En el cielo hacen la voluntad de Dios universalmente, sin hacer una selección. Aquí los hombres escogen muy cuidadosamente: deciden que este mandamiento ha de obedecerse, y apartan aquel otro mandamiento como algo no esencial. Me temo que todos estamos más o menos impregnados de esta odiosa hiel. Una cierta parte de la obediencia es dura, y, por tanto, tratamos de olvidarla. Ya no debe ser así, sino que tenemos que hacer todo lo que Jesús nos dice. La obediencia parcial es una desobediencia real. El súbdito leal respeta toda la ley. Si algo es la voluntad del Señor no tenemos ninguna opción en la materia pues la elección es hecha por nuestro Señor. Oremos pidiendo que no entendamos mal la voluntad del Señor ni la violemos. Tal vez, como un grupo de creyentes, estemos omitiendo por ignorancia una parte de la voluntad del Señor, y eso pudiera haber estado obstaculizando nuestra obra todos estos años; posiblemente haya algo escrito por la pluma de la inspiración que no hayamos leído, o algo que hayamos leído pero que no hayamos practicado, y eso pudiera impedir que el brazo del Señor actúe. Deberíamos hacer con frecuencia un examen diligente y recorrer nuestras iglesias para ver dónde diferimos con respecto al modelo divino. Algún manto babilónico muy bueno o un lingote de oro pudieran ser algo maldito en el campamento, acarreando el desastre a los ejércitos del Señor. No descuidemos nada que nuestro Señor mande para que no retenga Su bendición.
Su voluntad es cumplida en el cielo instantáneamente, y sin vacilación. Nosotros, me temo, somos dados a las demoras. Alegamos que tenemos que revisar la cosa por todas partes. “Lo mejor es pensar las cosas dos veces”, decimos, mientras que los primeros pensamientos del amor ansioso son la mejor producción de nuestro ser.

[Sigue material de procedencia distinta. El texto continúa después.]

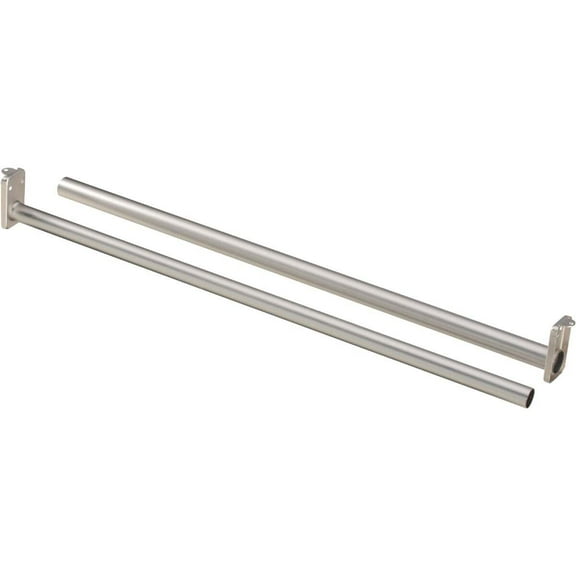 Stanley S840-264 Adjustable Closet Rod,Satin Nickel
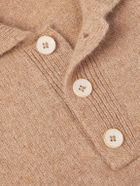 The Elder Statesman - Brushed-Cashmere Polo Shirt - Brown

Yo quisiera que fuéramos obedientes, independientemente del riesgo, pues en eso estriba la más verdadera seguridad. ¡Oh, hacer lo que Dios nos pide, como Dios lo pide, en ese mismo lugar y en esa misma hora! No nos corresponde a nosotros debatir, sino cumplir. Consagrémonos tan perfectamente como Ester se consagró cuando abrazó la causa de su pueblo, y dijo: “Si perezco, que perezca”. No debemos consultar con carne y sangre, o hacer una reserva para nuestro propio egoísmo, sino que debemos seguir de inmediato y muy vigorosamente, el mandamiento divino.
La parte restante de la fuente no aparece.